Al ser el bien que podemos vivir un don, le corresponde, además, un corazón agradecido. Por ello, aunque también podamos presentar a Dios oraciones y súplicas por nuestras necesidades, hemos de estar en primer lugar llenos de gratitud. Algunas prácticas sociales de este tiempo tienen este sentido original: obsequiarnos unos a otros para asombrarnos de la generosidad y para cultivar nosotros mismos la capacidad de donarnos. El juego de los intercambios, más allá de sus limitaciones, conserva un destello de la alegría que estamos llamados a comunicarnos unos a otros. Sin necesidad de caer en los excesos consumistas, brindarle a los seres queridos y a las personas en general algo de lo que somos y tenemos, y acoger de ellos su propio misterio y su regalo, es una práctica que puede ayudarnos a cobrar conciencia de nuestros ritmos cotidianos. Pero si con alguien nos encontramos siempre en deuda, es con Dios. Si alguien no ha escatimado su entrega para nuestro beneficio, es Dios. Si alguien no espera de nosotros otra cosa que una gratitud que se convierta en justicia, es Dios.
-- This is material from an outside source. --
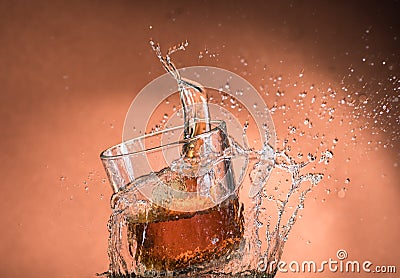 Falling small glasses and spilling water on a green background Stock Photo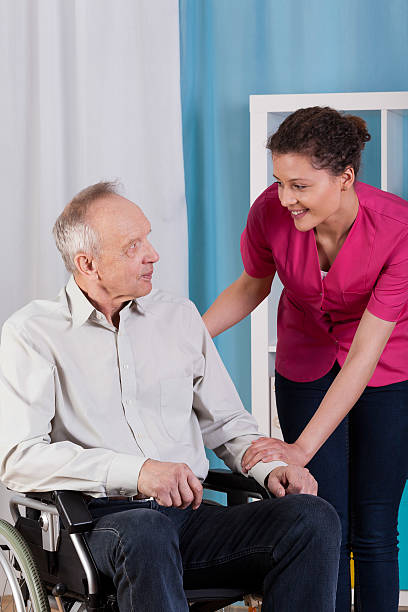 istock Disabled man on wheelchair and nurse 508820197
Y si alguien, además, nos da la capacidad de cumplir la bondad en nuestra acción, es precisamente Dios, que no deja de ser grande con nosotros.
La fuente de la salvación está ante nosotros. Saquemos de ella agua con gozo. Es Jesús, nuestro Señor, el que transforma el antiguo bautismo de pura agua en bautismo de fuego y de Espíritu. Es su cercanía la que aguardamos, y el secreto que despierta el júbilo. Él en persona es el don de Dios, y nuestro Adviento es alegre, lo sabemos, porque es Él quien llega, es Él a quien aguardamos. Él es, por el don de su encarnación y su nacimiento, la causa nuestra alegría. Tampoco nosotros somos dignos de desatarle las correas de sus sandalias. Ni siquiera de tocar el suelo santo en el que ha decidido caminar. Sin embargo, él hace suyos nuestros caminos, y se introduce a nuestra peregrinación para hacer palpable el amor sin límites, principio de toda alegría plena. Ya viene el Señor, alegrémonos. Se lo repito: alegrémonos en el Señor. Él está cerca.